И тут он открыл еще одну вещь — все двадцать с лишним лет до тюрьмы и все тридцать восемь последних лет он всегда ходил по мягкой земле. Теперь он шел по асфальту, и у него не только ныли ноги, но боль пронизывала насквозь все кости, все мышцы, до самого черепа; наконец он нашел лужу цвелой воды в пожухлом редком бурьяне у канавы и, сняв негнущиеся новые ботинки, выданные вместе с комбинезоном, сел, опустил ноги в воду и стал жевать консервы с хлебом, думая: Нельзя мне распускаться. Может, и заходить туда нельзя, где этим торгуют, — думая, в сущности, без огорчения, но неуклонно, непоколебимо: Наверно, придется за него отдать все десять долларов, а то и больше. Значит, остается всего три доллара восемьдесят пять центов, а я уже восемьдесят два из них потратил, — и тут он остановился, вынул горсть монет из кармана, аккуратно разложил их на земле около себя; у него было три бумажки по доллару и мелочи на восемьдесят пять центов, и он, медленно пересчитав эти восемьдесят пять центов — полдоллара, двадцать пять центов и два никеля, — отложил их в сторону. Он отдал лавочнику одну из долларовых бумажек; и лавочник дал ему сдачи — хлеб стоил одиннадцать, консервы одиннадцать, значит, всего двадцать два цента, потом лавочник взял еще полдоллара за воду, а всего семьдесят два цента, значит, должно было остаться двадцать восемь центов; он снова пересчитал сдачу — монету за монеткой, потом отдельно те деньги, что отложил в сторону, чтобы еще раз себя проверить. И все-таки сдачи получалось всего восемнадцать центов, вместо двадцати восьми. Десять центов пропало. А ведь консервы стоили всего одиннадцать центов, он это помнил, потому что об этом был разговор. Значит, хлеб подорожал, наверно, хлеб. На целых десять центов подорожал, тут же, на глазах, — подумал он. — А если хлеб мог подскочить сразу на десять центов у меня на глазах, так, может, и револьвера мне не купить даже за все тринадцать долларов. Значит, надо где-то пристроиться, найти работу.

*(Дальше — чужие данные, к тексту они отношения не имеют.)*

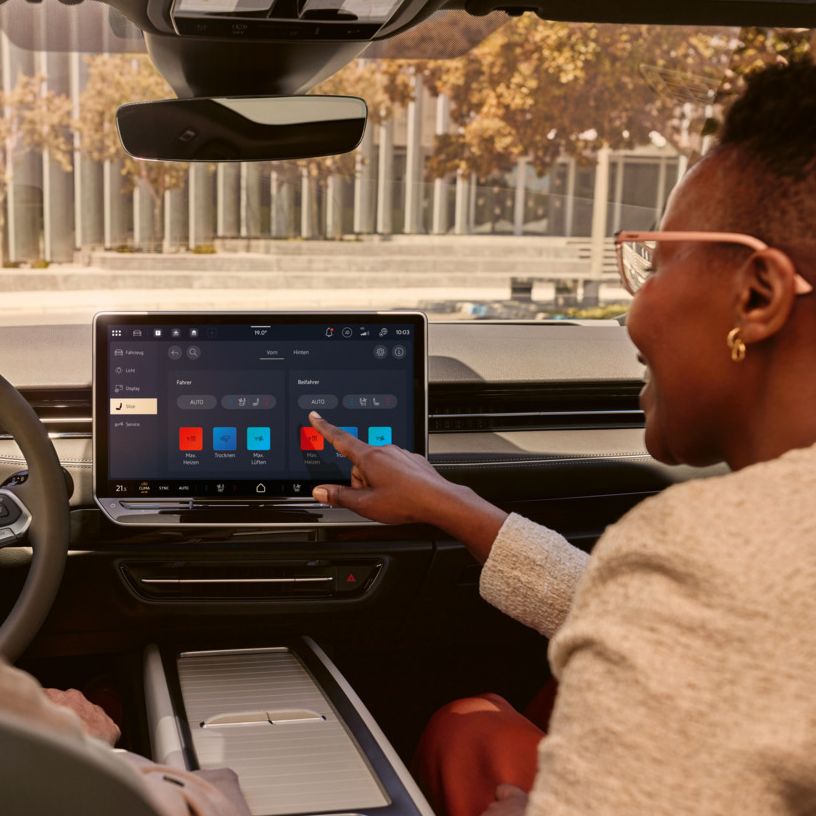 Zwei Frauen, die lachen, sitzen auf den Vordersitzen im VW ID.7 und bedienen das Infotainment-System.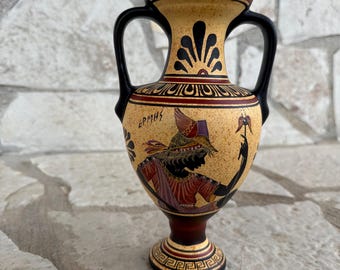 May include: A small, ceramic Greek amphora with black handles and a black and red geometric design. The amphora is decorated with a black and red image of a woman holding a flower. The text "ΕΡΜΗΣ" is written on the amphora.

По шоссе густо шли машины, они шли очень быстро, большие легковые машины, совсем новые, и грузовики, громадные, как вагоны, не было пыльных «пикапов», которые подвезли бы его, только машины богачей, а они мчались так, что не могли заметить одинокого человека в комбинезоне. А может, и того хуже: наверно, они, огромные, быстрые, сверкающие, затерли бы ту, что остановилась ради него; больно им надо, чтобы он путался у них под колесами в Мемфисе. Но, в общем, это было неважно. Пока что Мемфиса и не видно. Теперь даже нельзя было сказать, скоро ли он его увидит, и он думал: Может, еще понадобится долларов десять, если не больше, пока я дойду до того места, где их продают. Во всяком случае, надо было добраться до Мемфиса поскорее, пока еще все можно сделать, пока ничто не помешало; во всяком случае, когда он доберется до Мемфиса, все его тринадцать долларов и три центра должны быть целы, сколько бы ему ни пришлось выложить, чтобы попасть в город. Значит, надо добыть еще денег, раз он даже не может поручиться, что не зайдет в лавочку, где продают газированную воду. Значит, надо где-то остановиться и попросить работы, а я в жизни ни у кого еще работы не просил, может, я и не сумею, — думал он. — Значит, пропадет, по крайней мере, день, а то и больше, — подумал он спокойно, все еще не отчаиваясь, — слишком я стар для этого; не стоило бы в шестьдесят три года ввязываться в такое дело, — и это он подумал, не отчаиваясь, по-прежнему непоколебимый: Нет, раз уж пришлось ждать тридцать восемь лет, подожду еще день-два, а то и три, ничего мне не сделается.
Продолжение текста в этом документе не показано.